An Effect Size can tell us how much of a difference our intervention makes. An example: suppose you develop a new homework reading technique for your students and you test it against a control group, which will be based on performance on a later reading comprehension test. If the group means (experimental vs. control group) differ significantly, great! But don’t stop there. You can also calculate the Effect Size to see just how much they differ–and, as mentioned, Effect Size units are standard deviations! So you are able say something like: my new homework reading technique is so effective that a student testing at the 50th percentile in a different class will test about one standard deviation higher in my course, around the 84th percentile.

If we again extend the transfer/map metaphor, Effect Size helps us find the really good places to visit, or transfer to. It’s like a map of the best vacation spots. After all, most of us would rather visit the beach than North Dakota in the winter, so it’s good to know where’s worth going (for certain purposes).

Stats can help teachers

Basically, what I tried to argue in my talk is not that quantitative methods/analysis are superior, but that they can do a lot of cool things, and that they are particularly important for building maps. Maps are, after all, inherently approximate and generalized, just like grades and student performance on tests and any kind of quantitative measure are merely approximations. Maps are indeed limited in many ways: looking at a (Google street) map of Paris, for instance, obviously pales in comparison to staring up at the Palace of Versailles in person. But looking at a map beforehand can help you get around once you do visit. It’s the same with quantitative measures of learning. They can help us get a lay of the land, which then allows us to use our pedagogical experience and expertise to attend to the particular subtleties of each class and each student. Teachers are experimenters, after all, and each class, each semester, is a sample of students whose mean knowledge we hope is significantly and sizably improved by the end of the course.

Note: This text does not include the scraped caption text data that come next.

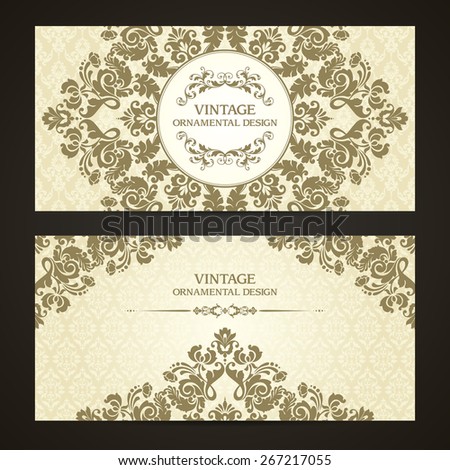 Vintage set of template ornamental borders and patterned background. Elegant lace wedding invitation design, Greeting Card, banner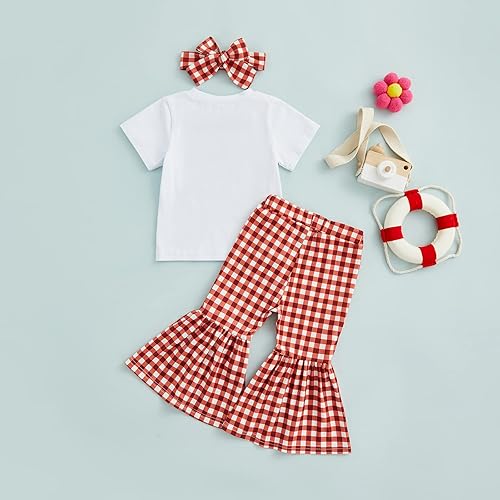 Miniatura 3 de Conjunto de 2 piezas para bebé niña pequeña, camiseta de manga corta con letras, pantalones acampanados, pantalones acampanados, ropa de festival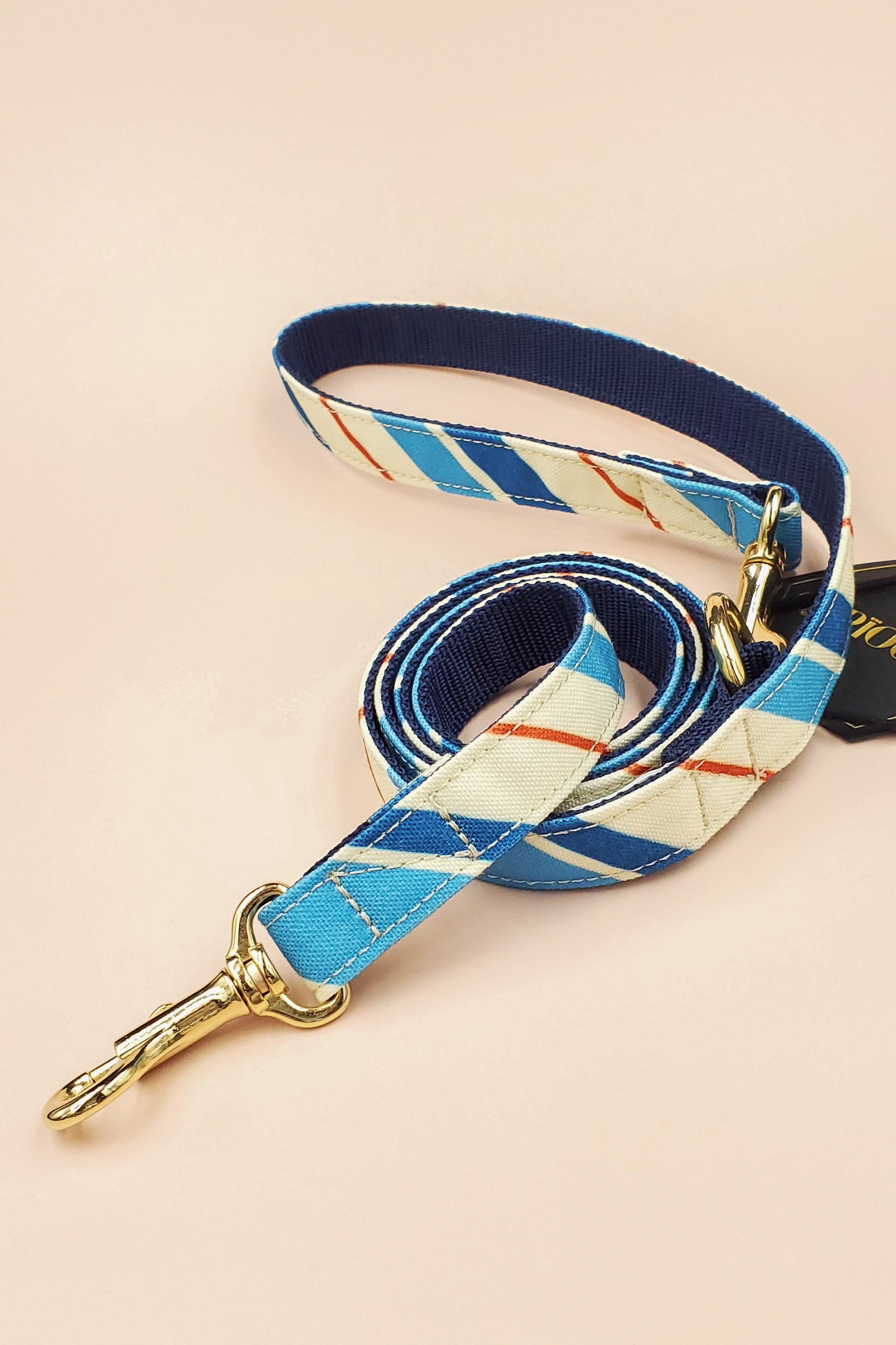 RANDOM STRIPE LEASH / BLUE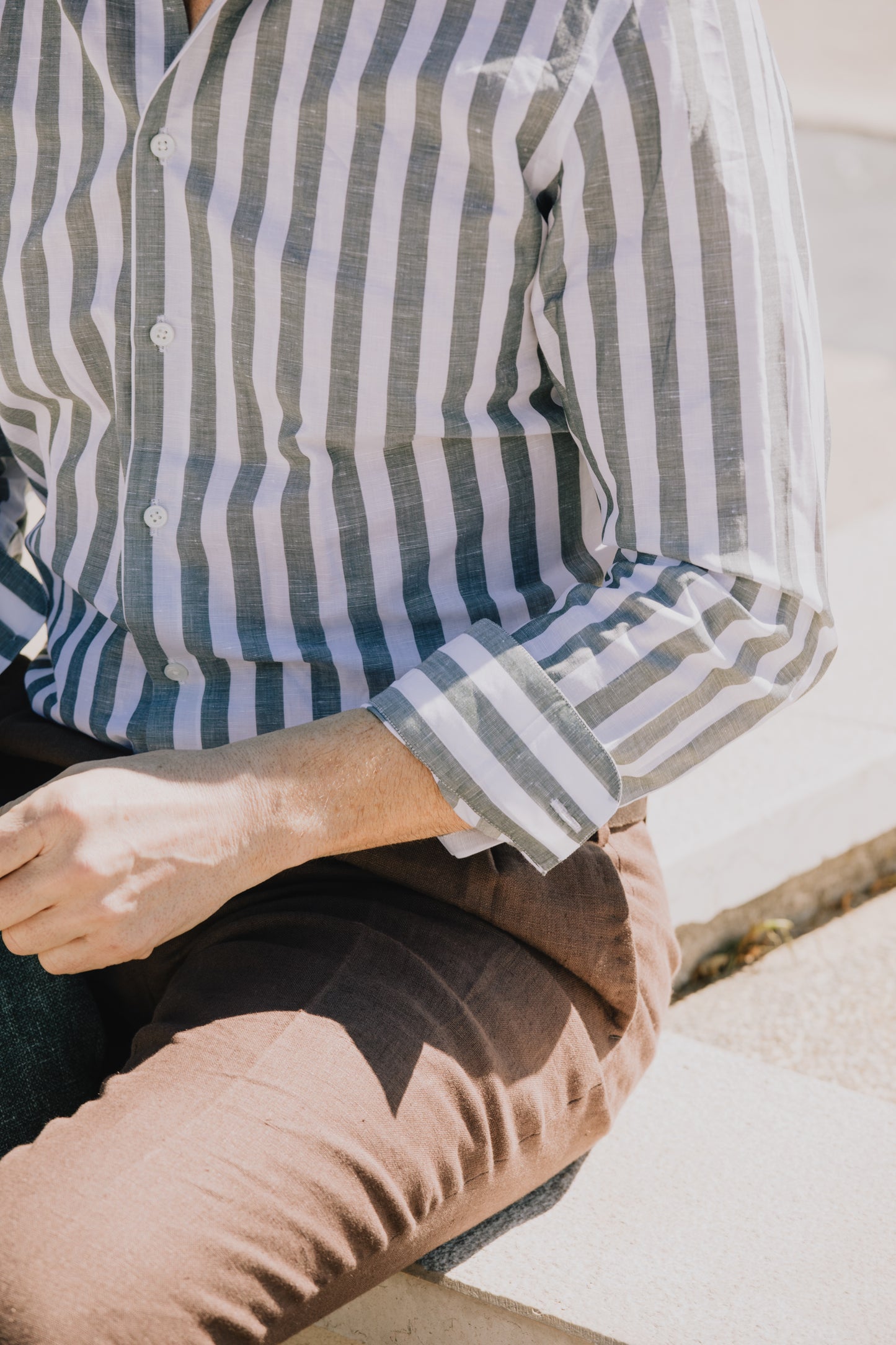 
                  
                    Button Down Shirt in Wide Green Stripe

“I can’t teach writing in only one semester”

One complaint I’ve consistently heard (and myself made) during all my years teaching college writing is that one or two semesters is not enough time to teach writing. One finding I’ve repeatedly come across in all my years poring over educational research is that the largest source of variance in student writing performance is the interaction between student and task. In other words, the fewer the number of tasks assigned in your course (assignments, papers, tests, etc.), the higher the variation in student performance, which means the less reliably (consistently) your class measures whatever it is we conceive of as “writing ability.” This seems intuitive to me, and it is consistently found in the literature. On average two different assignments, in the same course and even for the same student, are basically nonpredictive of performance in one by performance in another. A student can write an amazing editorial and absolutely bomb a research paper. Does that make your course an unreliable measurement of writing ability? Maybe.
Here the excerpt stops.